A few weeks ago, I reported on the completion of a large project, with which I’ve been personally involved, to investigate how particle physicists at the Large Hadron Collider [LHC] could be searching, not only in the future but even right now, for possible “Exotic Decays” of the newly-discovered Higgs particle .
By the term “exotic decays” (also called “non-Standard-Model [non-SM] Decays”), we mean “decays of this particle that are not expected to occur unless there’s something missing from the Standard Model (the set of equations we use to describe the known elementary particles and forces and the simplest possible type of Higgs field and its particle).” I’ve written extensively on this website about this possibility (see here, here, here, here, here, here, here and here), though mostly in general terms. In our recent paper on Exotic Decays, we have gone into nitty-gritty detail… the sort of detail only an expert could love. This week I’m splitting the difference, providing a detailed and semi-technical overview of the results of our work.
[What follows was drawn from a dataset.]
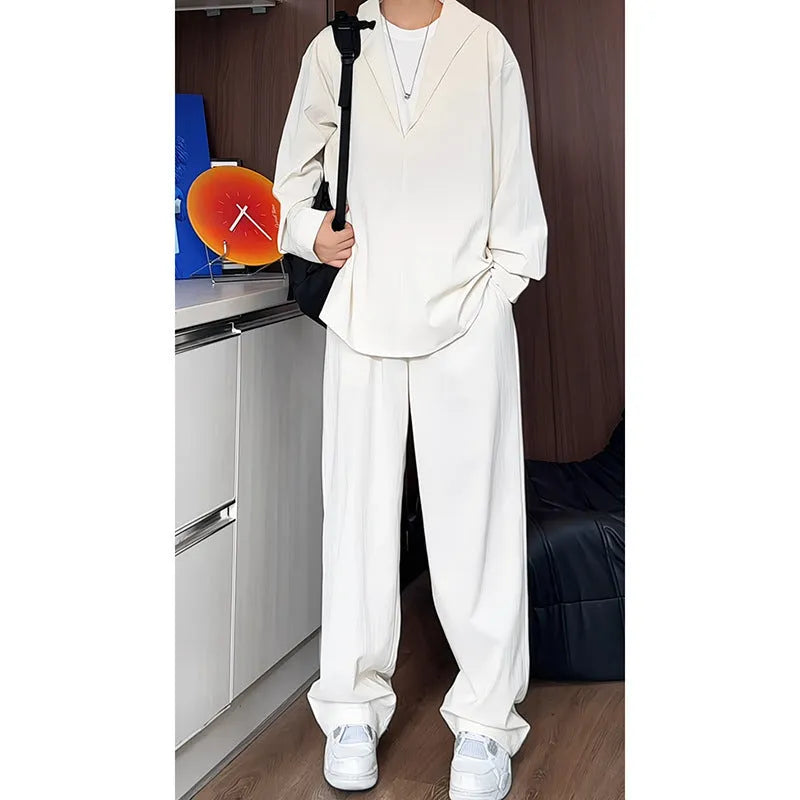 Men's black slim-fit long sleeve polo shirt and trousers two-piece casual suit set.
This includes organized lists of some of the decays we’re most likely to run across, and suggestions regarding the ones most promising to look for (which aren’t always the most common ones.)
Before I begin, let me again mention the twelve young physicists who were co-authors on this work, all of whom are pre-tenure and several of whom are still not professors yet. [ When New Scientist reported on our work, they unfortunately didn’t even mention, much less list, my co-authors.] They are (in alphabetical order): David Curtin, Rouven Essig, Stefania Gori, Prerit Jaiswal, Andrey Katz, Tao Liu, Zhen Liu, David McKeen, Jessie Shelton, Ze’ev Surujon, Brock Tweedie, and Yi-Ming Zhong.